Before smartphone computational photography came along -- in the conventional camera era -- it used to be a given that the eye was better than the sensor, or film.
What? When was this a thing. The main advantage to the sensor or film is that ability to do long exposures capturing way more photons on the same spot than your eye can do in real time. This really just seems like a confusion of the entire concept to me really.
Before Google and Apple's forays into computational photography, long exposures used to be associated with blurring, which was not a substitute for what the human eye could offer, unless you were taking pictures of static objects.
Please, don't confuse your misconception of what dragging the shutter speed would do in your day to day usage vs what professions do with long exposure.
Sure, adding motion blur is an effect one can achieve with long exposure. You need some extra things like ND filters to avoid over exposing, but that a technique someone is specifically looking to achieve. It's not a mistake from something my mom would do.
We've been using long exposure for things like light painting well before Apple/Google. We've been using long exposure for astrophotography for a long time as well. I still feel utter respect for Hubble et al night after night manually guiding the scope to keep the image in frame. In fact, the same frame of film would be exposed for multiple hours each night for multiple nights before finally being developed.
What you've associated things with in your mind does not mean the rest of the world only associates the same things in the same way.
A long exposure by definition means leaving the shutter open longer, causing blurring unless you are using computational photography or, as I said, the object is static. Apple and Google have eliminated the blurring that inevitably came with long exposures, in the realm of consumer photography. Of course, scientists had been able to independently obtain similar results using techniques similar to Google and Apple.
Light painting is not about compensating for low light. On the contrary, it typically involves reducing the ambient light in order to manually "paint" with a light bulb for artistic effect.
Any one attempting long exposure is not trying to do it in a tracking sense. They are doing it for a static shot. It is a deliberate decision to leave the shutter open. If they are doing that in the day time to add "motion" to the image by having the blurring, it is a deliberate decision. You attempting to take a static picture in low lighting conditions where the camera's auto settings are dragging the shutter and unable to take a proper picture because you can't hold it still long enough for that shutter is not the same thing. At all.

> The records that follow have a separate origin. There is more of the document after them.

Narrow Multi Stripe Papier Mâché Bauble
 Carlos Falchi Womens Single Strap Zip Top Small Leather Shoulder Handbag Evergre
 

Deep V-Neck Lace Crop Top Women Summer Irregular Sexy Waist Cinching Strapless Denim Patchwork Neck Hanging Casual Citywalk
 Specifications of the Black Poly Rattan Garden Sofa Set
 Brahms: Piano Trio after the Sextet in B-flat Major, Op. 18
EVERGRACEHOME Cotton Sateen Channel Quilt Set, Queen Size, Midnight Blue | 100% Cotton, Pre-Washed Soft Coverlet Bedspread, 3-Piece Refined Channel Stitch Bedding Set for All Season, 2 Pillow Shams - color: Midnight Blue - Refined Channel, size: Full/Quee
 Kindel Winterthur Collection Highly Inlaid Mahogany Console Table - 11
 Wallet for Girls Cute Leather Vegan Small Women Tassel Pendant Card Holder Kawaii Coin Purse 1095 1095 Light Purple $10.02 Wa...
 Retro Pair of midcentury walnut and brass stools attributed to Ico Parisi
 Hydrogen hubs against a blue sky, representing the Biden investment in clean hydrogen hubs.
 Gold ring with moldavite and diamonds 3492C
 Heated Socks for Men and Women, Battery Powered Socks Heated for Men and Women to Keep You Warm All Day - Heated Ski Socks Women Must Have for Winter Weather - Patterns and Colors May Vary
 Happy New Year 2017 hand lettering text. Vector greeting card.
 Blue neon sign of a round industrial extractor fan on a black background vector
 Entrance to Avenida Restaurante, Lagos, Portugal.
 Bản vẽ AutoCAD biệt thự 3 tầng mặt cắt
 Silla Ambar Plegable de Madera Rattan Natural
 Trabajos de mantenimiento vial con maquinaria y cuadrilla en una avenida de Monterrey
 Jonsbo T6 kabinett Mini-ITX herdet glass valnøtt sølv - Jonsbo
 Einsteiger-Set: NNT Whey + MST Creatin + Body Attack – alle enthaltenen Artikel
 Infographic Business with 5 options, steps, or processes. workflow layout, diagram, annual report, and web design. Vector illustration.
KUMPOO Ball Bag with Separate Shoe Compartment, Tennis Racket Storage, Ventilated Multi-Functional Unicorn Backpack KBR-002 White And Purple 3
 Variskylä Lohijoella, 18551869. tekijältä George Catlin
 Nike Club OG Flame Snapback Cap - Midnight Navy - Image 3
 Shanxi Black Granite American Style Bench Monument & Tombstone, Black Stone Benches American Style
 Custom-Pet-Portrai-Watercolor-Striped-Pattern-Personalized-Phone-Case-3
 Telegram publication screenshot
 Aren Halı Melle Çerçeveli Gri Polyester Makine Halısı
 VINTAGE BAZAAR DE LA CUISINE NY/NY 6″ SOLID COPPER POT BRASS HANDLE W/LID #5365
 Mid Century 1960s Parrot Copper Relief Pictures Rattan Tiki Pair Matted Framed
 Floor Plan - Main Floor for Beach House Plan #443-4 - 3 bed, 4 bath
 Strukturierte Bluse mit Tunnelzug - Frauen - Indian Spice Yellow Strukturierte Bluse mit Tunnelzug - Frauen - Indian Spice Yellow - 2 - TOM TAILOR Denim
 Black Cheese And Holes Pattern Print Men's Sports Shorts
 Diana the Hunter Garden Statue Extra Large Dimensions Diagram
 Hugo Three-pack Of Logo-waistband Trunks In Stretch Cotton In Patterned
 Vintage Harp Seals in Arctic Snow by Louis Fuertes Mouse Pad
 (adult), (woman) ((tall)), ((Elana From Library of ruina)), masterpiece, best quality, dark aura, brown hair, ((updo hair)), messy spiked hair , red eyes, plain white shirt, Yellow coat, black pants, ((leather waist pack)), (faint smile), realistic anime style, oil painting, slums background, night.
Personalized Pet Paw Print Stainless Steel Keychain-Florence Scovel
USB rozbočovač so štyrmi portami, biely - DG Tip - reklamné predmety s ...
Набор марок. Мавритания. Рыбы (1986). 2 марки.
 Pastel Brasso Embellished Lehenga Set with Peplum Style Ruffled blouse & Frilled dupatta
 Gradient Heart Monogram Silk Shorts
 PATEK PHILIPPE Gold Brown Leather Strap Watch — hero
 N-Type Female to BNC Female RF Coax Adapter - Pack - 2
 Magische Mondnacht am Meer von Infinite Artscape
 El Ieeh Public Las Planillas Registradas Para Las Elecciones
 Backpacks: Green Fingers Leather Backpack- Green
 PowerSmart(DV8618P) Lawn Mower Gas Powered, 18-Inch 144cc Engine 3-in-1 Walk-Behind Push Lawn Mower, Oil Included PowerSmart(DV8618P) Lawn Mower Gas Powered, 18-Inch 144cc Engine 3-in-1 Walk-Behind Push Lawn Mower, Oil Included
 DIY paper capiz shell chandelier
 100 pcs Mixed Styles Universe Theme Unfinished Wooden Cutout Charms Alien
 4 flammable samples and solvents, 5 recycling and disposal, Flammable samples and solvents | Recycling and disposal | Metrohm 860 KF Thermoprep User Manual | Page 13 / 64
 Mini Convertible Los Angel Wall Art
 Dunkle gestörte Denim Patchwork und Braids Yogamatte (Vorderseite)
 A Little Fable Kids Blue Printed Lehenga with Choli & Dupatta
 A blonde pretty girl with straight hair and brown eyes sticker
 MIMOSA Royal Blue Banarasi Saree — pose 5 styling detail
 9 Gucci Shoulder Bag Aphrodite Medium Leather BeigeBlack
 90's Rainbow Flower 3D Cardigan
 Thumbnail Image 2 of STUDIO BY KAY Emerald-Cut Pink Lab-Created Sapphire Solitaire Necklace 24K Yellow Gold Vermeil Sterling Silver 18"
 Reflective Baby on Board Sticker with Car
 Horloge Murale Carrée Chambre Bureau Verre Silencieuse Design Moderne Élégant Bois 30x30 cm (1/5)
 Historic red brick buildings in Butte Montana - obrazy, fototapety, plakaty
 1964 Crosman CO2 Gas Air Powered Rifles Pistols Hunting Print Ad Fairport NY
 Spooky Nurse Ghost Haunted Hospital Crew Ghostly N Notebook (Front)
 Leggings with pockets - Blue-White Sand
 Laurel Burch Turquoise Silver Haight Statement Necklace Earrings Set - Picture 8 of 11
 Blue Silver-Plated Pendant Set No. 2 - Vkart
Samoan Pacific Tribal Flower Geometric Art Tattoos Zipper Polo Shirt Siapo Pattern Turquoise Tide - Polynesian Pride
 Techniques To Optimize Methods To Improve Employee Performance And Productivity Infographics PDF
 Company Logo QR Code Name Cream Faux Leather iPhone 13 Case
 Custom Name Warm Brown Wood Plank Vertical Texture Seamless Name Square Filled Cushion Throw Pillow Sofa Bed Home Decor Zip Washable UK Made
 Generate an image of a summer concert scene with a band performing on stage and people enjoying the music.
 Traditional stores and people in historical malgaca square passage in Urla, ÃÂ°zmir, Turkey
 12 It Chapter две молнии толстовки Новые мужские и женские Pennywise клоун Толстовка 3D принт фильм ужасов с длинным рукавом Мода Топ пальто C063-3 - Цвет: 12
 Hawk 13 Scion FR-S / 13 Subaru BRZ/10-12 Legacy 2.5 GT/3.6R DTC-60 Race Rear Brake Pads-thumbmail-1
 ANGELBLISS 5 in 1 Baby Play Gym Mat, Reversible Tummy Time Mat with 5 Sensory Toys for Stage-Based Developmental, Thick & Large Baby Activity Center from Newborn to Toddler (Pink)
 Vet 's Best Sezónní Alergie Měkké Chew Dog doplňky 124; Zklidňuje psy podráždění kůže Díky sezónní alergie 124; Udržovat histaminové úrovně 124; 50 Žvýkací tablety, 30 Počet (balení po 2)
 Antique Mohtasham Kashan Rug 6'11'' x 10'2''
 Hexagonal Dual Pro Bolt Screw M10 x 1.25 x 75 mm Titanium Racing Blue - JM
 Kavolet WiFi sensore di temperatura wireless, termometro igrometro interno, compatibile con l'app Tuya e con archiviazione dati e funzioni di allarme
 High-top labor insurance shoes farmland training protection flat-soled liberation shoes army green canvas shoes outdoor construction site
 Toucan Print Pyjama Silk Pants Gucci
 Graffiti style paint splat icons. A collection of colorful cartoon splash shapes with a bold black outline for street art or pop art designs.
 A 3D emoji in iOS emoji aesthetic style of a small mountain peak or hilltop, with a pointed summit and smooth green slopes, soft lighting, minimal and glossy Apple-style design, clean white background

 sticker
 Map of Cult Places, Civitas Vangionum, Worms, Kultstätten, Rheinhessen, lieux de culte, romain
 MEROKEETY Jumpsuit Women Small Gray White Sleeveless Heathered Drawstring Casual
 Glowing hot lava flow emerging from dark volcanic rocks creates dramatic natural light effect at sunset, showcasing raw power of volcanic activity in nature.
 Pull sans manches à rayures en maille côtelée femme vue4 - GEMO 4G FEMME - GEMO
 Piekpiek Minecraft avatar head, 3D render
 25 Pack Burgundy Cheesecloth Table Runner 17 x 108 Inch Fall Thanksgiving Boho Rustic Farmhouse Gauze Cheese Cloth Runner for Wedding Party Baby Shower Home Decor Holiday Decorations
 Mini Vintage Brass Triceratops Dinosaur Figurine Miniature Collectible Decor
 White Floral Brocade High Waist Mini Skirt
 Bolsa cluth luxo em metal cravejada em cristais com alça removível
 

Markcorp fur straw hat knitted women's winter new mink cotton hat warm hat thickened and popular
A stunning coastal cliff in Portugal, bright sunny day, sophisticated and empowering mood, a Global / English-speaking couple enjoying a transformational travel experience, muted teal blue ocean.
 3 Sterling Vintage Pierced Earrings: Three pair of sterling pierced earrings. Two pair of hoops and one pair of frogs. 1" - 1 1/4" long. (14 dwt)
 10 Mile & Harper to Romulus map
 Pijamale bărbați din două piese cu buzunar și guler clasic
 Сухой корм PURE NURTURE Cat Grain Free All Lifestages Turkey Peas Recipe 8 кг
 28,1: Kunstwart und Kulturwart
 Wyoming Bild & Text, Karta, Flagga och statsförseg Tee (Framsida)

I like your "reducing the ambient" to really let me know you have no clue what I'm referring to, but that's okay. this whole thread is just wasted energy
"Except if the subject is static" is most of long exposure photos.
Blurring is frequently the goal. Blurring waterfalls is a popular technique. As is blurring the ocean. Or streaking of light from cars. Searching for "long exposure" shows these techniques.
They use tripods to keep some things static. Smartphones can make those photos just as well as cameras with the computational photography turned off. The limitation is using neutral density filter to make exposure work.
long exposures don't inherently mean blurring. The camera or mount can move to track a moving object, keeping it sharp. Astrophotography has been and still is done without computational photography.
> and still is done without computational photography.
um, ackshully, lots of computational editing is being done now. The image of Sag A* was heavily computed. They are now having to use computed images to remove all of the made on earth objects in the sky from Starlink to planes. There's a lot of stuff done to astroimages now and computational editing is making its way there.
when i said that it is still done without computational editing, i didn't mean that all astrophotography is done without it. i means that some is done without it
And yet iPhone photos still look awful because of over-processing. That one split second when you see the beautiful photo you took and then BOOM "deep fusion" makes it looks crispy and gross.